Once there was a good son who was very upset on his father’s behalf. The father flew to Paris on British Airways. Unfortunately, one of his bags went somewhere else. The man was disturbed so he asked the giant corporation for help but for two days his cries for help went unanswered.

The son, being a good son, wanted to help his father in his time of need, so he decided to use a very large, very loud megaphone to get the giant’s attention. It was a very special megaphone called a “Promoted Tweet.”

paid complaint

The giant wasn’t the only one who heard the man’s words. People all over the land of Twitter heard it, too. Then scribes and town-criers carried the man’s word out to the far corners of the web world and it wasn’t long before everyone had heard about the father’s plight.

Everyone in the land waited for the giant to respond. Would he be angry? Would he make it right? But the giant did not respond. He continued on as if he had not heard the man’s words.

This confused the public even more! How could a giant as big as British Airways ignore such a slap in the face? The Twitter villagers began lighting virtual torches and their numbers grew to 25,000.

Then, a smart young man discovered the problem.

“Look at the Twitter header!” he said and there it was:

9 to 5 Tweets

British Airways only responds to Tweets between 9-5 EST, Monday through Friday. The giant who earns his gold ferrying passengers across the globe 24 hours a day, 365 days a year, only monitors his Twitter account during the traditional workday.

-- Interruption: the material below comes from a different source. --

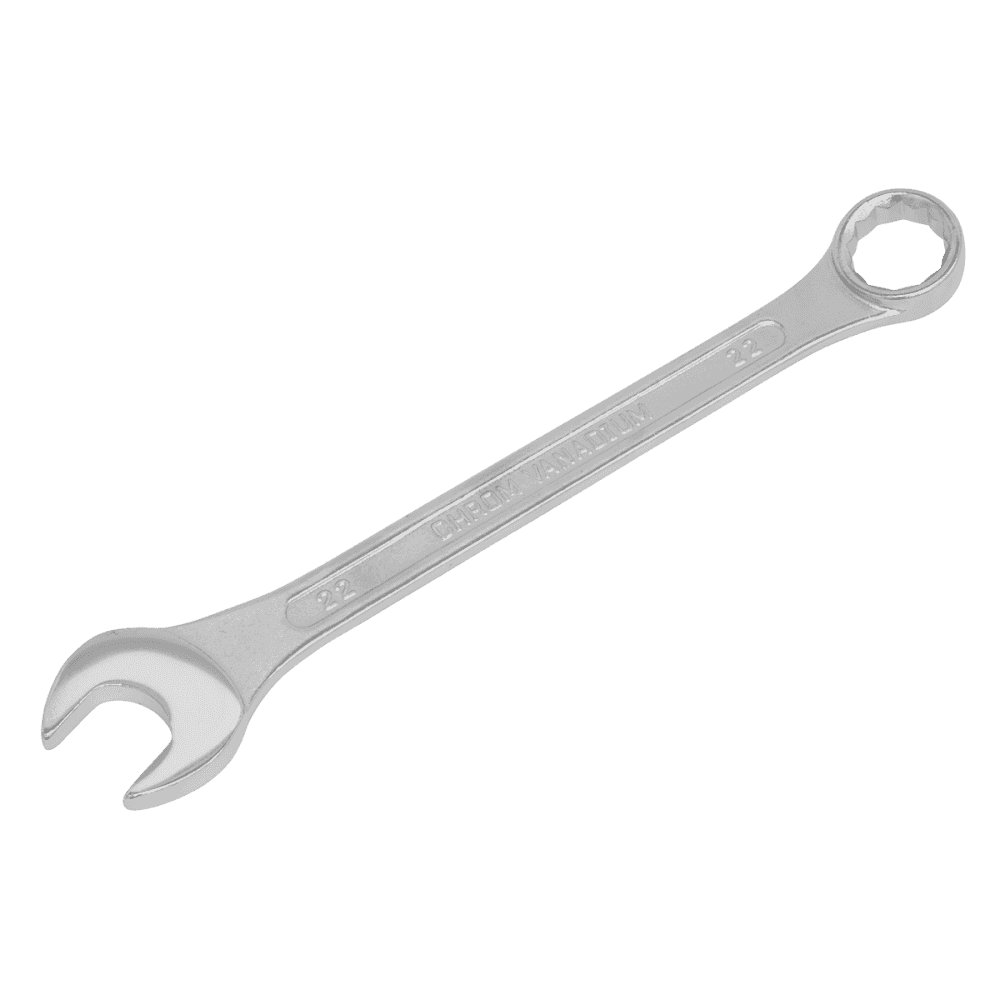Sealey Combination Spanner 22mm Model No-S0422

The good son was appalled. He replied with what the world was thinking.

british airways response

The giant, whom so many had loved and respected, is now a little smaller in the eyes of his followers. The son, on the other hand, gained the respect of many for his actions, for any man who would spent thousands of dollars to avenge his father is truly a very good man and a very good son.

The moral of the story: global giants who open their doors to the public, must be prepared to handle complaints anytime of the day or night lest they get taken down by those who once worshiped them.

What would you have done to change the ending to the story?

  • Andrew Dennis

    It’s astounding to see these large corporations are still finding ways to mishandle social media PR nightmares like this…

  • CliffElam

    Completely unsurprising. A few years ago I called AA in the UK at 5:03pm and they were … closed. So i called the US number. I’ve come to expect stuff like that in the EU – it’s so hard to fire people that companies run on skinny skinny staff.

  • http://www.testosteronbooster.org/ Jaime Lombana

    Companies still don’t understand social media. Which is predictable, since they still don’t understand customer service, which is much older. One of these days a Twitterstorm is going to throw some company into Chapter 11, and then they’ll pay attention. Couldn’t happen to a more deserving bunch, to be honest.